Webshell detection tools
I have evaluated the following projects focusing on webshells detection:
These tools were tested against the files presented in part 1 with addition of a few new ones:
- byroe.jpg - webshell hide in an image file
- myluph.php - example of PHP webshell
- webshell.php - simple PHP webshell presented in part 1
- vero.txt - PHP webshell containing both “clean” and obfuscated PHP code
- myluphdecoded.php - decoded file myluph.php
- China Chopper - ASPX chinachopper.aspx and PHP version chinachopper.php
- c99madshell.php - popular C99 webshell
- unknownPHP.php - shared by Bart in his blog post
The conducted tests verified the detection accuracy of all tools when faced with a combination of different webshells mixed with hundreds of valid files from GitHub repositories and other public sources:
- index.html from different popular websites
- ASPX files
- PHP files
- JavaScript files
NeoPI
At first, I tested NeoPI. According to project’s GitHub page, NeoPI is a Python script that uses a variety of statistical methods to detect obfuscated and encrypted content. Below output presents result of running a tool against a set of aforementioned files:
[[ Total files scanned: 4323 ]]
[[ Total files ignored: 0 ]]
[[ Scan Time: 16.773207 seconds ]]
[[ Average IC for Search ]]
0.0762022597838
[[ Top 10 lowest IC files ]]
0.0153 ../webshell_db_short/myluph.php<
0.0168 ../webshell_db_short/vero.txt
0.0202 ../webshell_db_short/unknownPHP.php
0.0248 ../webshell_db_short/phpcollection/2.php
0.0262 ../webshell_db_short/myluphdecoded.php
0.0268 ../webshell_db_short/phpcollection/wkv3.php
0.0270 ../webshell_db_short/china.aspx
0.0284 ../webshell_db_short/phpcollection/agenda.ics.php
0.0285 ../webshell_db_short/phpcollection/config.xml.php
0.0289 ../webshell_db_short/phpcollection/uploads.php
[[ Top 10 entropic files for a given search ]]
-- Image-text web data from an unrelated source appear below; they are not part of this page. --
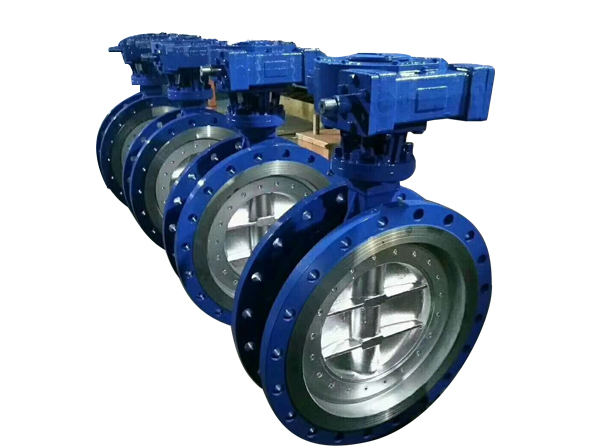 硬密封法兰蝶阀 硬密封法兰蝶阀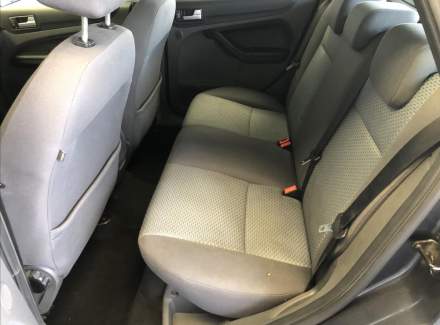Ford - Focus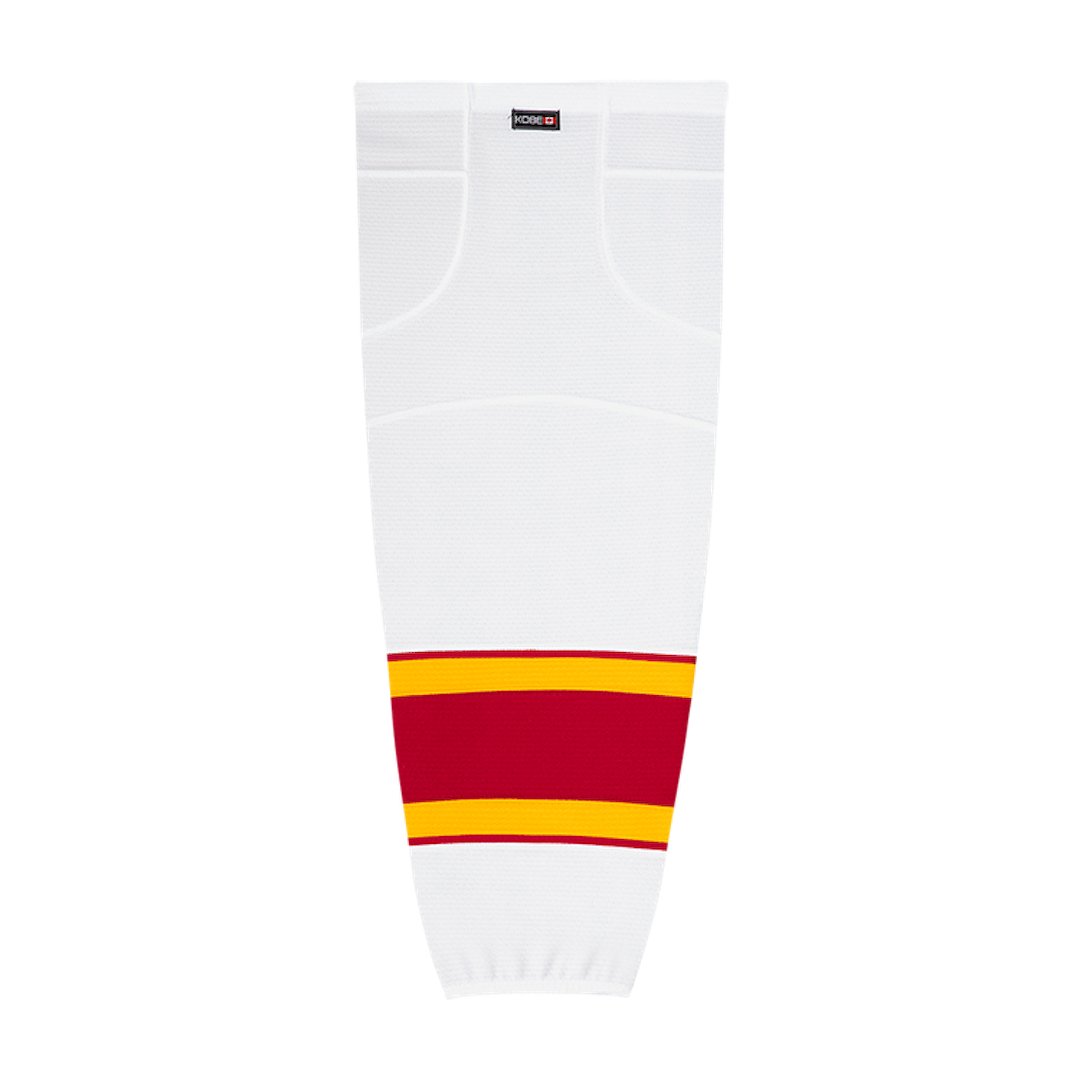 Calgary best sale flames socks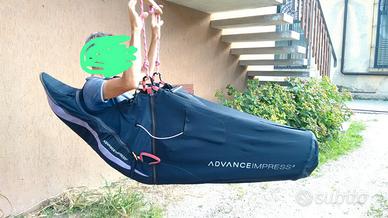 Advance Impress 3 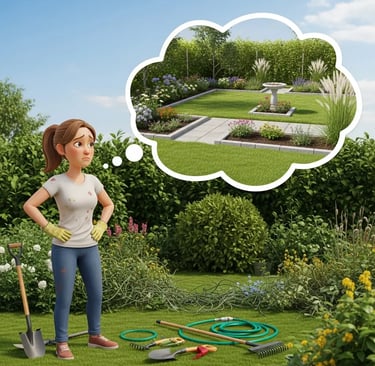 Essential tools that make gardening easier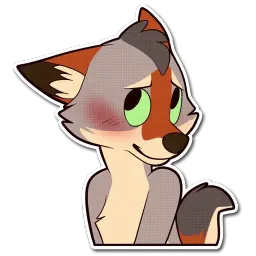 Higejmt sticker 12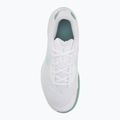 Damen Tennisschuhe Nike Vapor Lite 3 weiß / mint Schaum / Kanone 5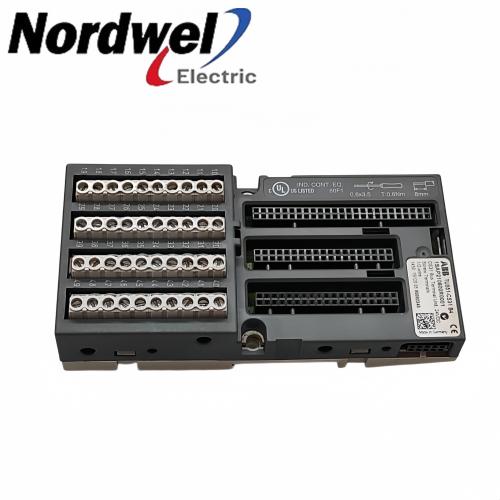 TU551-CS31 CS31 Interface Terminal Unit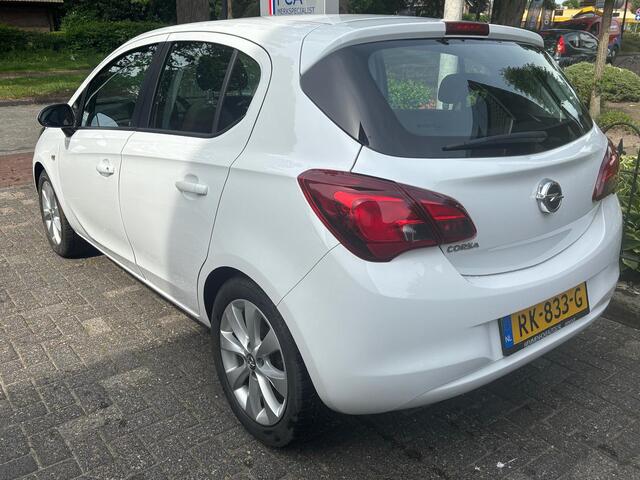 Opel CORSA 1.2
6.2409 ../webshell_db_short/phpcollection/phpmailer.lang-zh.php
6.2355 ../webshell_db_short/phpcollection/phpmailer.lang-zh_cn.php
6.1932 ../webshell_db_short/unknownPHP.php
6.1622 ../webshell_db_short/phpcollection/phpmailer.lang-ch.php
6.0307 ../webshell_db_short/vero.txt
6.0258 ../webshell_db_short/myluph.php
6.0151 ../webshell_db_short/phpcollection/phpmailer.lang-ko.php
5.9169 ../webshell_db_short/phpcollection/phpmailer.lang-ja.php
5.7736 ../webshell_db_short/phpcollection/1.php
5.7393 ../webshell_db_short/phpcollection/phpmailer.lang-vi.php
[[ Top 10 longest word files ]]
554750 ../webshell_db_short/phpcollection/wkv3.php
11999 ../webshell_db_short/phpcollection/full_dump.php
11999 ../webshell_db_short/phpcollection/contentobjects.php
1774 ../webshell_db_short/myluph.php
660 ../webshell_db_short/vero.txt
641 ../webshell_db_short/c99shell.php
547 ../webshell_db_short/phpcollection/EmailAddressValidator.php
356 ../webshell_db_short/phpcollection/priv.txt
197 ../webshell_db_short/phpcollection/emission.xml (2).php
197 ../webshell_db_short/phpcollection/emission.xml.php
[[ Top 10 signature match counts ]]
85 ../webshell_db_short/c99shell.php
35 ../webshell_db_short/phpcollection/run-tests.php
27 ../webshell_db_short/phpcollection/WikiComments.aspx
24 ../webshell_db_short/phpcollection/MemberSearch.aspx
22 ../webshell_db_short/phpcollection/CustomPageManagement.aspx
22 ../webshell_db_short/phpcollection/Comments.aspx
20 ../webshell_db_short/phpcollection/phpmailerTest.php
20 ../webshell_db_short/phpcollection/ManageTerms.aspx
20 ../webshell_db_short/phpcollection/TimestampIntegrationTest.php
17 ../webshell_db_short/byroe.jpg
[[ Top cumulative ranked files ]]
56 ../webshell_db_short/myluph.php
57 ../webshell_db_short/vero.txt
176 ../webshell_db_short/c99shell.php
219 ../webshell_db_short/phpcollection/wkv3.php
225 ../webshell_db_short/phpcollection/1.php
372 ../webshell_db_short/myluphdecoded.php
444 ../webshell_db_short/phpcollection/profile.php
525 ../webshell_db_short/phpcollection/WikiComments.aspx
570 ../webshell_db_short/phpcollection/uploadpostattachment.aspx
595 ../webshell_db_short/phpcollection/Fields.aspx
Pros:
- detection ratio: 6 out of 9 webshell files
- successful detection of clean and obfuscated code of the same webshell
- the more complex code structure is, the better results and detection ratio
- various methodologies to detect webshells - signatures, index of coincidence (IC), ratio, entropy, longest keyword matching
Cons:
- failed detection of simple one-line webshells (e.g. China Chopper)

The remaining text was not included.